The company said the system its Universal Replicator and TrueCopy software to copy data from a pool of virtualized storage to a secondary site to protect against any type of failure, providing customers with quick access to data without downtime. It also can migrate data to multiple Hitachi USP V systems. "Customers should never have to see an outage," said Claus Mikkelsen, CTO of Storage Architectures at HDS.

The High Availability Manager mirrors the data from the primary site to the secondary site using synchronous replication, which limits the distance between the two sites. "We expect them to be in the campus. This protects against a single point of failure concerns. It is not a DR [disaster recovery] solution," Mikkelsen said. He said the mirroring requires little work by storage administrators and doesn't require taking down the host.

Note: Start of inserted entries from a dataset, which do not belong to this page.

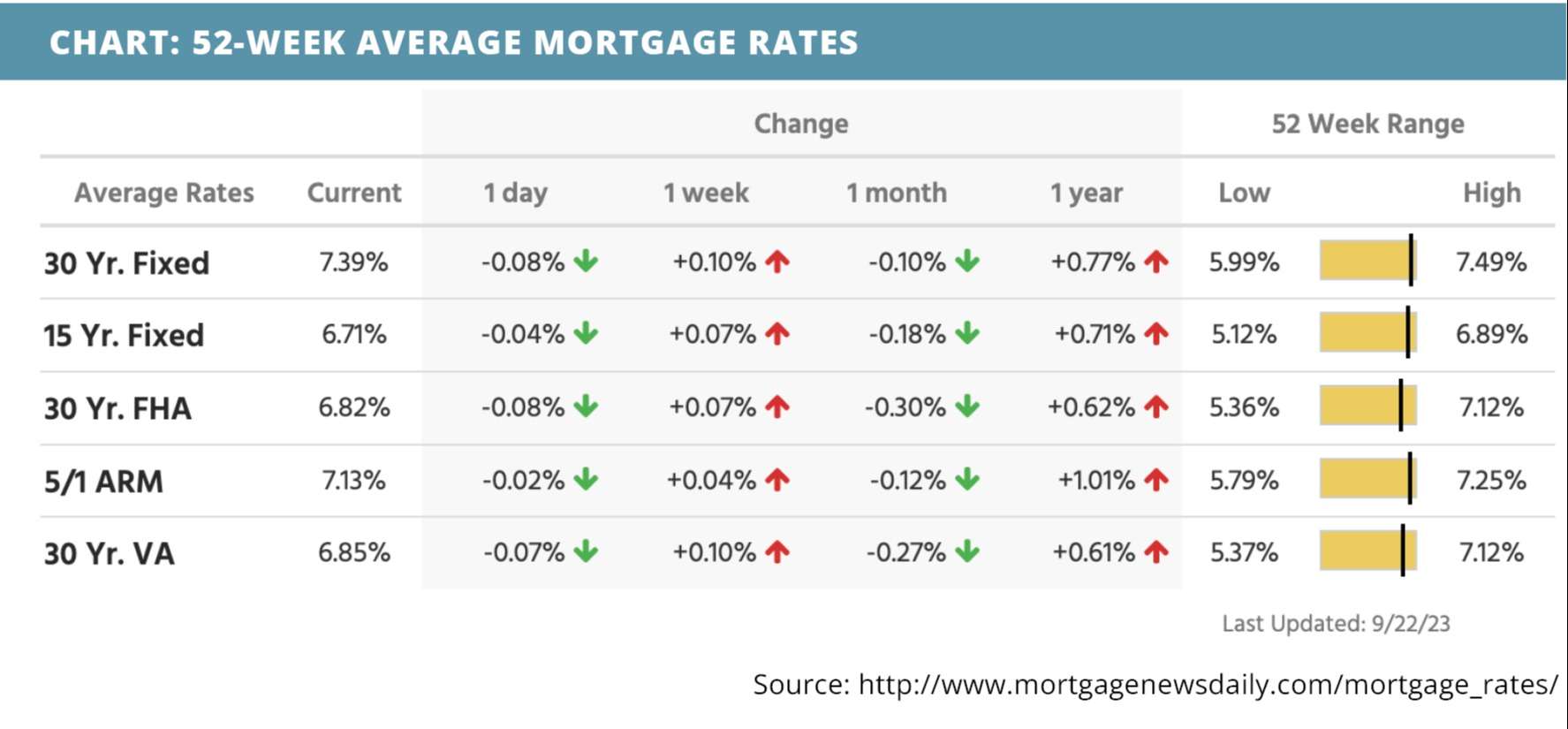 52-week-average-mortgage-rates-for-september-25-2023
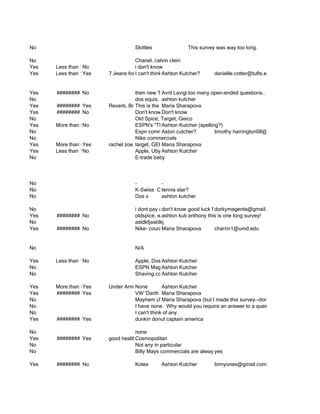 No                                 Skittles                 This survey was way too long.

No                                 Chanel, calvin clein
Yes   Less than 1No                i don't know
Yes   Less than 1Yes   7 Jeans for Iall Mankind,of any Bradley
                                     can't think Ashton right now....I like anything with cool music or things that will tou
                                                  Vera Kutcher?           danielle.cotter@tufts.edu


Yes   ######## No                 then new ToyotaLavigne the Audiopen-ended spot this year
                                              Avril Venze, many super bowl questions..
                                                         too
No                                dos equis, old spice
                                              ashton kutcher
Yes   ######## Yes     Reverb, Brushfire Records,commercial that came to mind recently, in that I wanted to find ou
                                  This is the only Leica Camera
                                              Maria Sharapova
Yes   ######## No                 Don't know Don't know
No                                Old Spice, Target, Geico
Yes   More than 6No               ESPN's "This is SportsCenter" commercials.
                                              Ashton Kutcher (spelling?)
No                                Espn commercials
                                              Aston cutcher?         timothy.harrington08@gmail.com
No                                Nike commercials
Yes   More than 6Yes   rachel zoe target, GEICO, and the car company with the hamsters that say "you can with TH
                                              Maria Sharapova
Yes   Less than 1No               Apple, Ubykotex, Swiffer
                                              Ashton Kutcher
No                                E-trade baby



No                                 -        -
No                                 K-Swiss CondeNast titles this is a REALLY broad/vague question
                                            tennis star?
No                                 Dos x    ashton kutcher

No                                 i dont pay attention enough to have aMa Xin!!! when the ads play i run and grab a
                                               don't know good luck Na favorite.
                                                                     dorkymagenta@gmail.com
Yes   ######## No                  oldspice, wallpaper, anthony this is one long survey!
                                               ashton kutcher
No                                 asldkfjasldkj
Yes   ######## No                  Nike- courage commercial, Toms shoes, Google Chrome ads
                                               Maria Sharapova       charrin1@umd.edu


No                                 N/A

Yes   Less than 1No                Apple, Dos Ashton SportsCenter
                                              Equis, Kutcher
No                                 ESPN Mag,Ashton Kutcher
                                               SI, The Economist
No                                 Shaving commercial with sharks.
                                              Ashton Kutcher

HDS said in a conference call with reporters that news organization Thomson Reuters has been evaluating the High Availability Manager. "This robust solution combines continuous high-availability and disaster recovery protection in virtualized SAN environments and the ability to seamlessly migrate data between arrays, and to refresh the SAN non-disruptively," said Christopher Crowhurst, vice president of strategic technology for the professional division of that company, in a statement. "This design helps remove the impact of potential failures, reduce management costs, and simplify business operations, and was a major reason behind our adoption of the Hitachi USP V platform as our preferred SAN virtualization solution going forward."

Richard Villars, vice president for storage systems and IT strategies at research company IDC, said businesses are looking for ways to reduce operational costs in this tough economy while they cope with growing amounts of data that needs to be stored and protected. "One major and fast growing operational cost is the time and money that IT organizations spend to migrate data to new, more cost effective solutions," he said in a statement. "Solutions like the Hitachi High Availability Manager provide customers with instantaneous failover and recovery capabilities that can dramatically reduce data management costs while also reducing application downtime."

Mikkelsen said the new features, when combined with HSD' storage virtualization platform, is another step in trying to help enterprise IT managers deal with the need to protect vast quantities of information that they must store for longer periods of time. The company's centralized management approach can help companies consolidate and boost utilization rates on storage systems while data reduction archiving capabilities can reduce the amount of data that needs to be stored.